Start of Block
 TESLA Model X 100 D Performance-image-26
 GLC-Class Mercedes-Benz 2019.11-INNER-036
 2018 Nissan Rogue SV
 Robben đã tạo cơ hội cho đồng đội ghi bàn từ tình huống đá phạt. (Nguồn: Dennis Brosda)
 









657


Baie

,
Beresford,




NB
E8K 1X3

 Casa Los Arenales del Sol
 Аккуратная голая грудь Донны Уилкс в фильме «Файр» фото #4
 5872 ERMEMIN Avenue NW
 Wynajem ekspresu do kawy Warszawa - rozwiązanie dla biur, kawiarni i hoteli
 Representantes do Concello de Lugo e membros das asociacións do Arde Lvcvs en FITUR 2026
End of Block
## Exercise brief
The full set of records, transcribed exactly, is the answer.

## Completed exercise
 TESLA Model X 100 D Performance-image-26
 GLC-Class Mercedes-Benz 2019.11-INNER-036
 2018 Nissan Rogue SV
 Robben đã tạo cơ hội cho đồng đội ghi bàn từ tình huống đá phạt. (Nguồn: Dennis Brosda)
 









657


Baie

,
Beresford,




NB
E8K 1X3

 Casa Los Arenales del Sol
 Аккуратная голая грудь Донны Уилкс в фильме «Файр» фото #4
 5872 ERMEMIN Avenue NW
 Wynajem ekspresu do kawy Warszawa - rozwiązanie dla biur, kawiarni i hoteli
 Representantes do Concello de Lugo e membros das asociacións do Arde Lvcvs en FITUR 2026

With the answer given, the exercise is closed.